▶ WHAT IS EXPECTED
The task calls for the line containing "All operations seem" and all later lines, through the end of the entries below, to be set down exactly and without pictures.

(Beginning of DATA EXCERPTS)

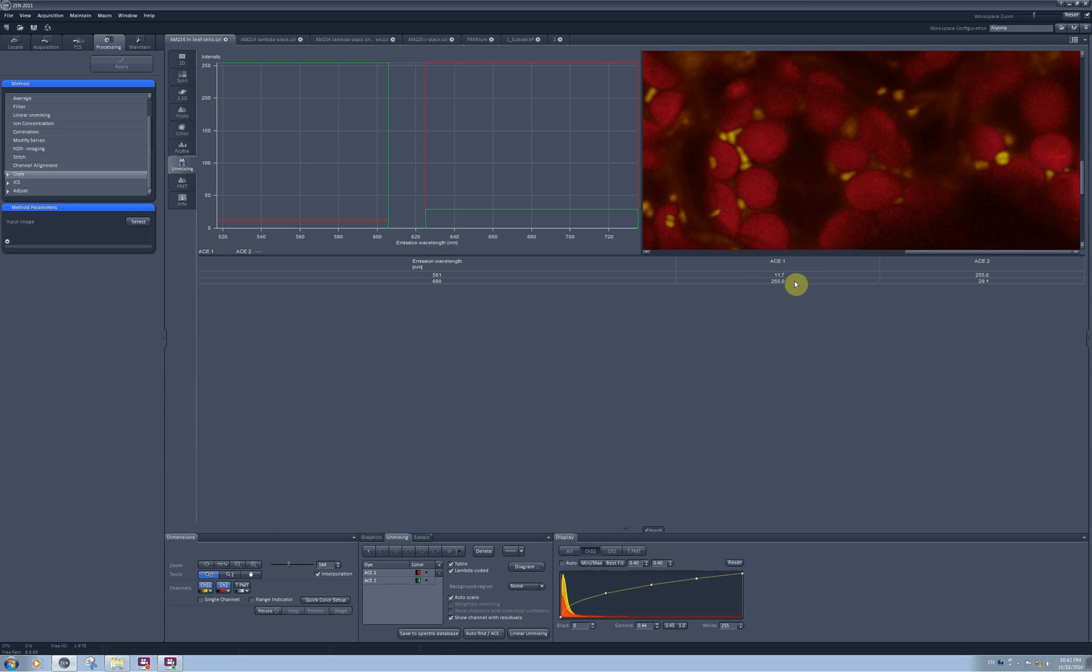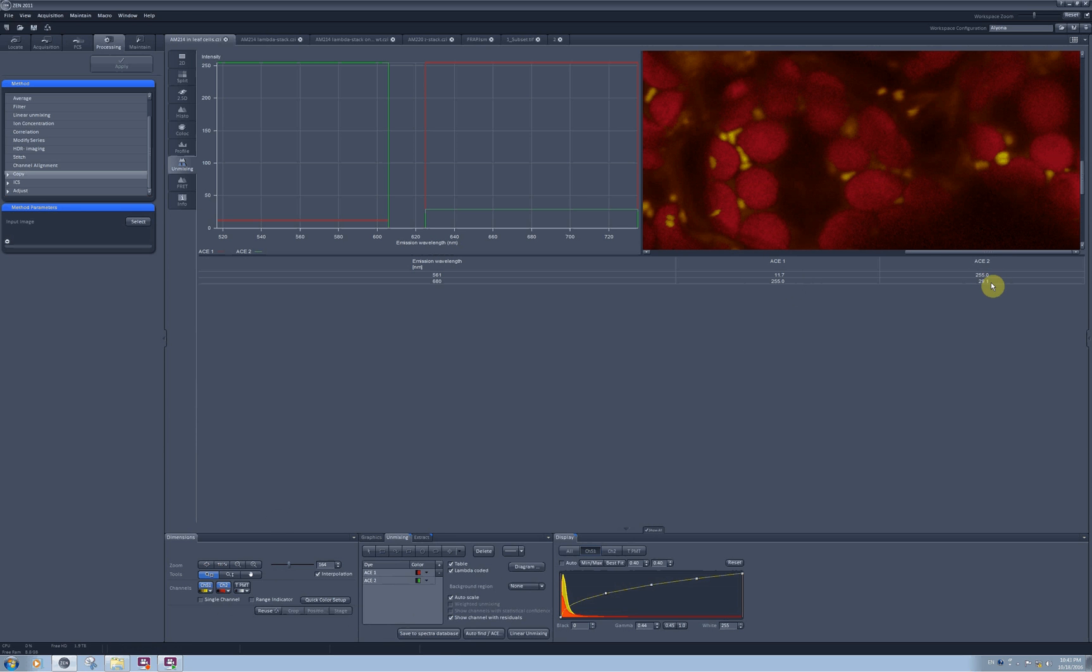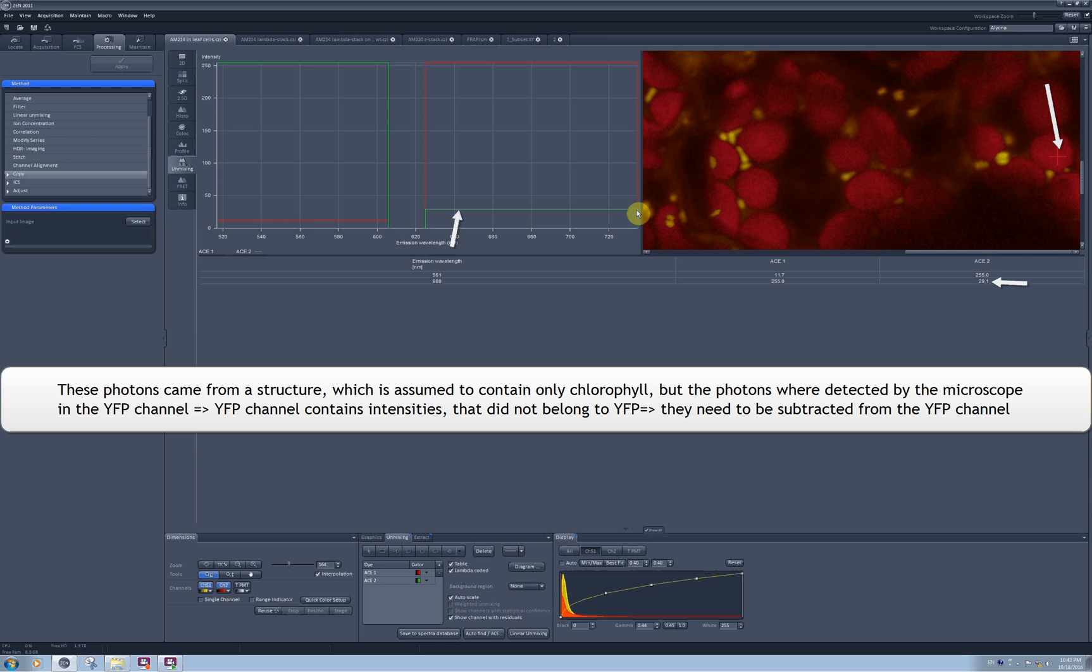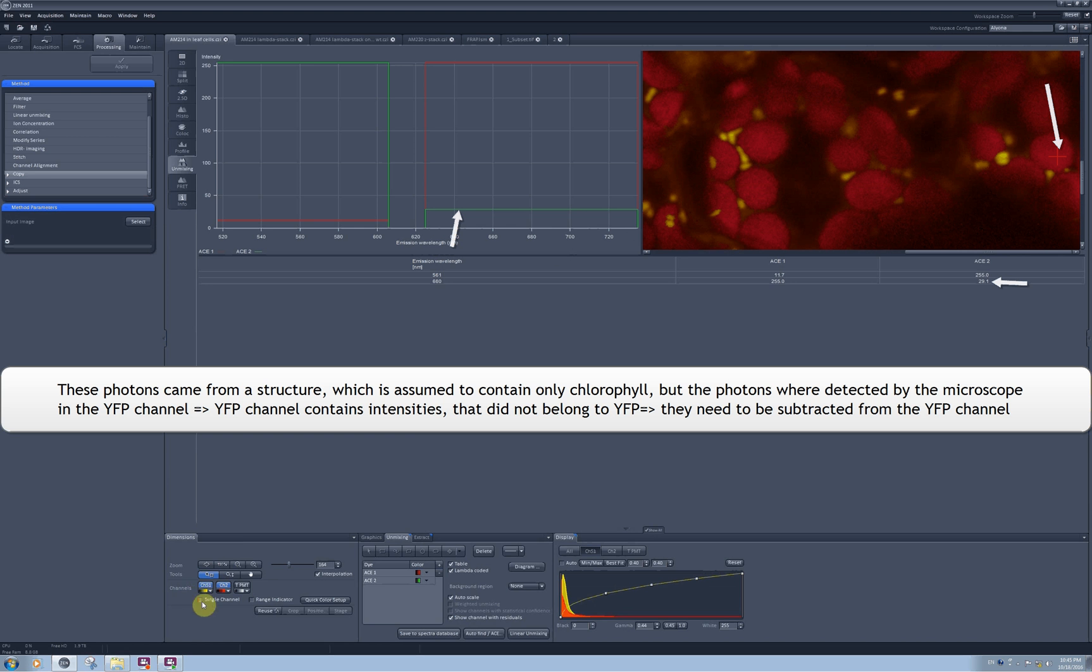The intensity in this spot in the red channel was 255, and then it detected that in exactly the same pixel, but in the green channel, I had pixels of intensity 29.1. The software will automatically assume that two fluorophores cannot be present in the same pixel, which means that this intensity in the GS1 channel was the result of the chlorophyll leaking into it, which means that this intensity should be subtracted from all intensities in my GS1 channel.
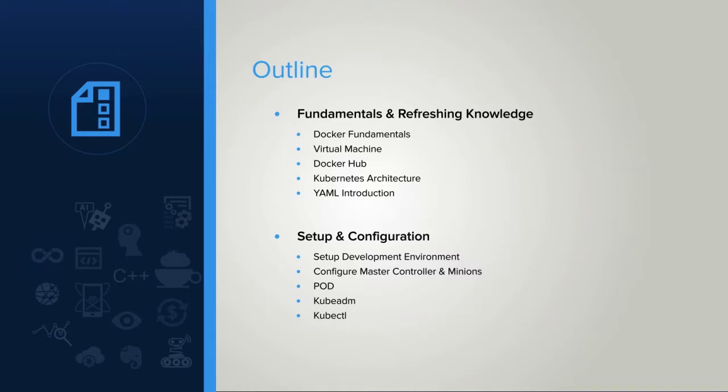The second chapter, we will set up the development environment, configure master controller and minions. We also give a glimpse on pod, kubeadmin, and kubectl.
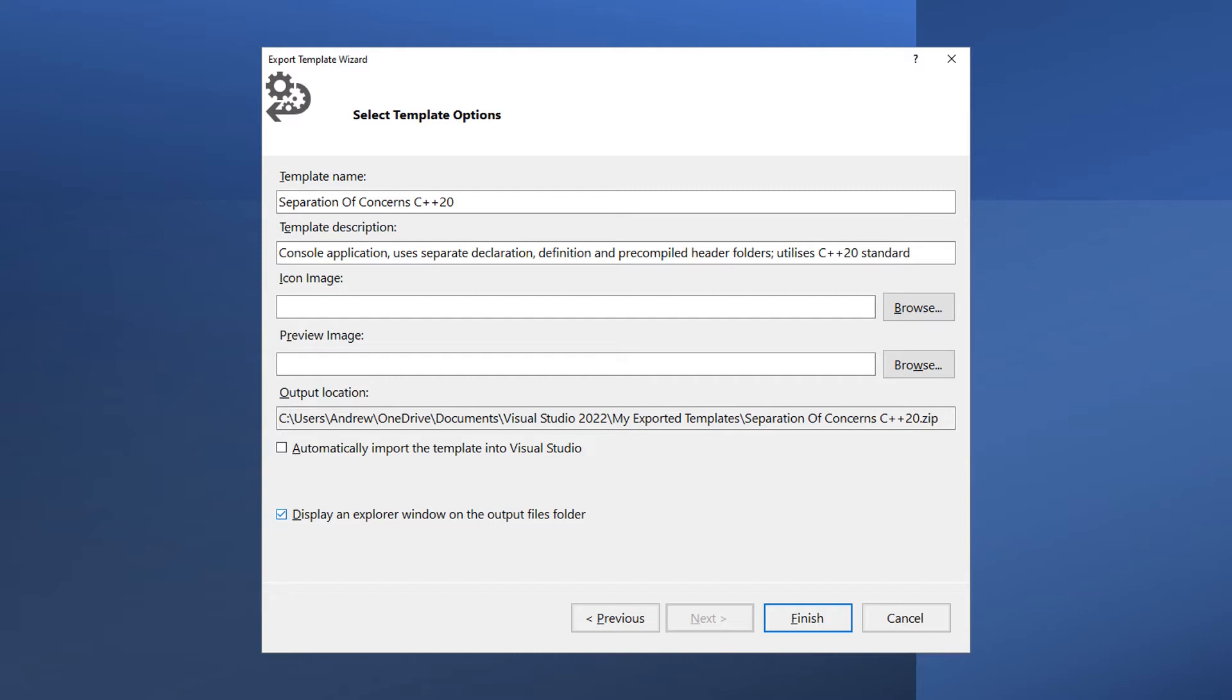Uncheck the Automatically import the template into Visual Studio, but the Display in Explorer window on the Output Files folder can be left checked and click Finish.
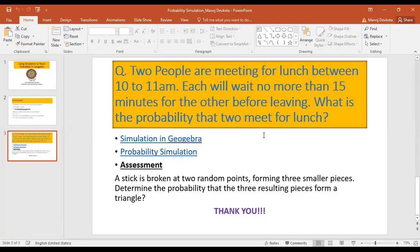For the assessment section, the problem is: a stick is broken at two random points, forming three smaller pieces — determine the probability that the three resulting pieces form a triangle. We just need two variables again. If any one side is less than the sum of the other two, a triangle won't form. The simulation can be designed in GeoGebra similarly. Thank you so much for listening, I'll come with more videos in the future. Bye-bye, have a good time.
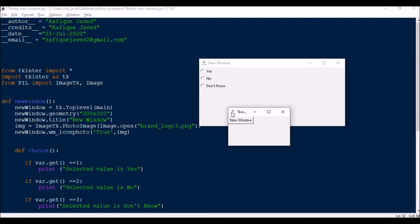New window.geometry is set to 200 by 200, and the title is set to 'new window'. Here also I have replaced the default leaf image with my own image. Next, this part of the code is for the radio button.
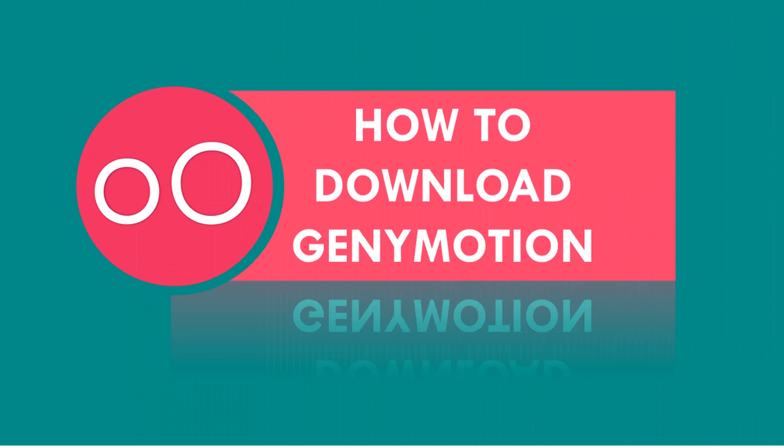In today's video, I am going to show you how to download Genymotion and VirtualBox and also how to use it with Android Studio. So let's start our tutorial.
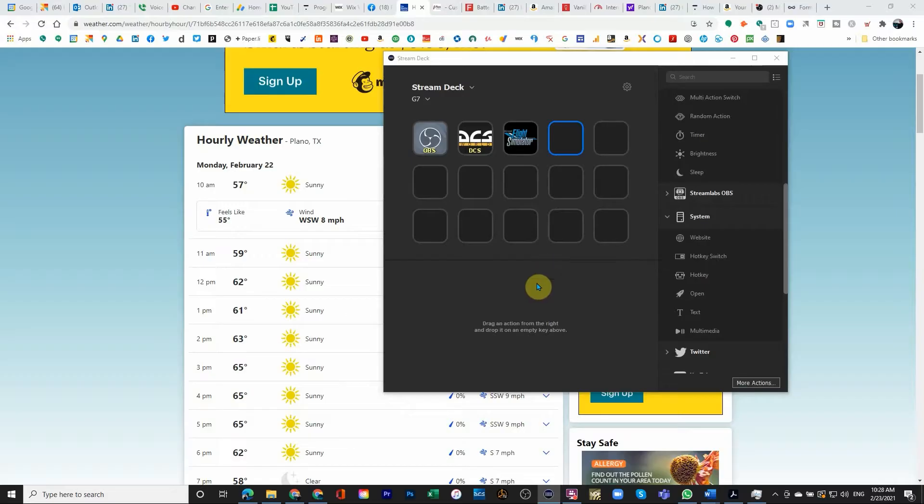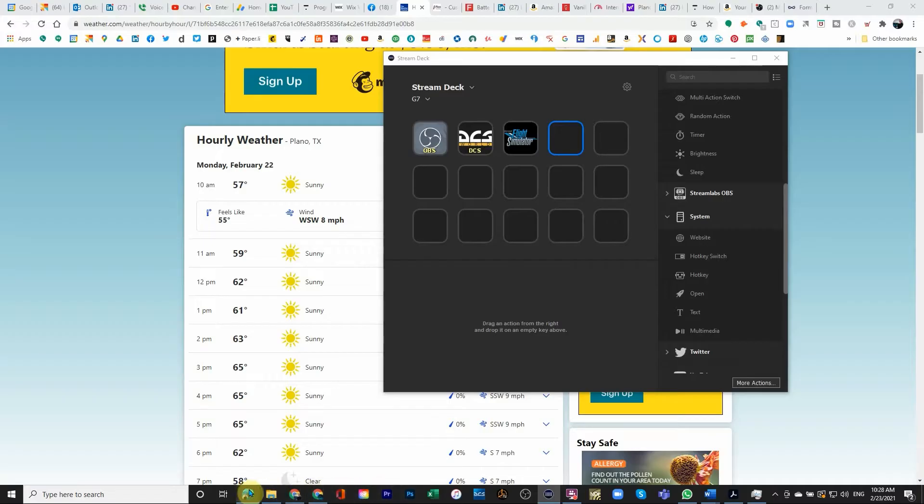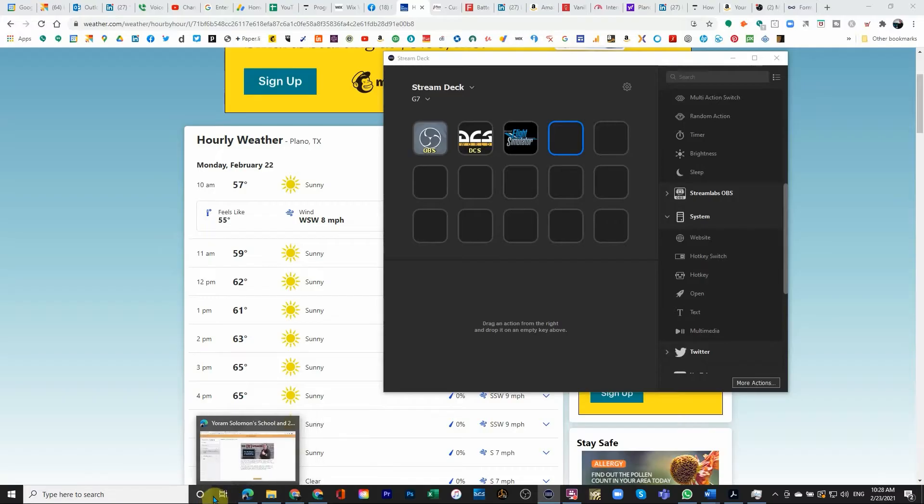To start, we need to make sure that the application that you want to launch is actually down at the taskbar. So make sure that it's down at the taskbar and not including this first one that really just gives you a task view.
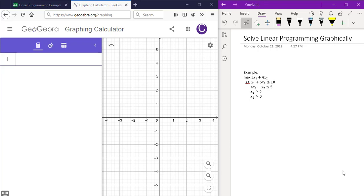In this video, we will discuss how to use GeoGebra to solve a linear programming problem. Once you navigate to the scientific calculator for GeoGebra, type each constraint as the following and hit enter after each one.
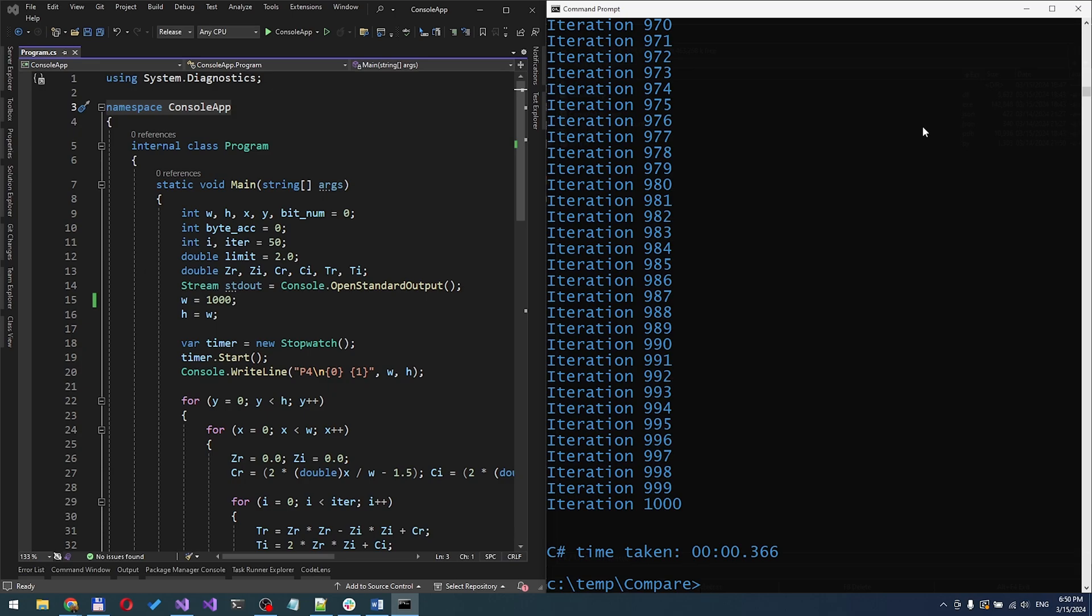All operations seem to be running much faster. It takes 0.366 seconds.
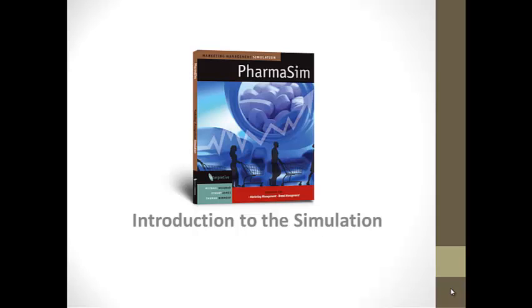Welcome to this video lecture for your marketing management class at Gateway Technical College. In this video lecture, we will introduce you to the PharmaSim simulation.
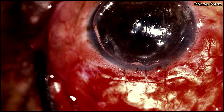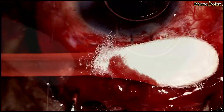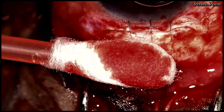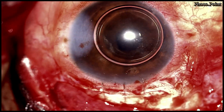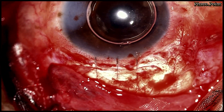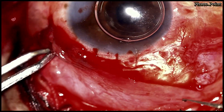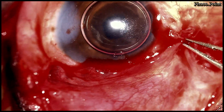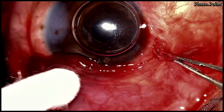This is followed by the hydration of the paracentesis incision. The retracted conjunctiva is then drawn up towards the limbus and either end of it cauterized.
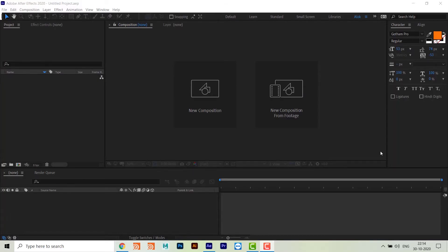Hello everyone, welcome back. Today we are going to create dice in After Effects - a 3D dice. After Effects is not a 3D software, it is 2.5D software, so we can just fake a 3D object. With the help of solids we are going to create a solid 3D dice. Let's get started - here I am with After Effects 2020.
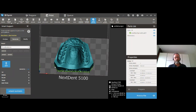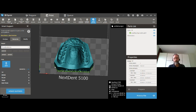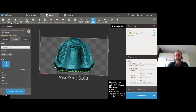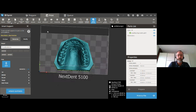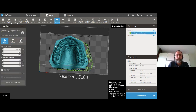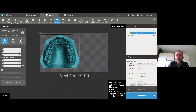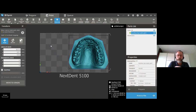Another question: is it better to place a part in the center of the build plate, or does it not matter? Many printers show a difference between center and edges, but for the Next Dent 5100 this is not the case. It's just convenient to place something in the middle, and Auto Place will place it centrally, but from a printing point of view it doesn't matter where on the platform you place the part — all parts should be the same accuracy after printing regardless of position.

(End of DATA EXCERPTS)

▶ ANSWER BOX
All operations seem to be running much faster. It takes 0.366 seconds.
Welcome to this video lecture for your marketing management class at Gateway Technical College. In this video lecture, we will introduce you to the PharmaSim simulation.
This is followed by the hydration of the paracentesis incision. The retracted conjunctiva is then drawn up towards the limbus and either end of it cauterized.
Hello everyone, welcome back. Today we are going to create dice in After Effects - a 3D dice. After Effects is not a 3D software, it is 2.5D software, so we can just fake a 3D object. With the help of solids we are going to create a solid 3D dice. Let's get started - here I am with After Effects 2020.
Another question: is it better to place a part in the center of the build plate, or does it not matter? Many printers show a difference between center and edges, but for the Next Dent 5100 this is not the case. It's just convenient to place something in the middle, and Auto Place will place it centrally, but from a printing point of view it doesn't matter where on the platform you place the part — all parts should be the same accuracy after printing regardless of position.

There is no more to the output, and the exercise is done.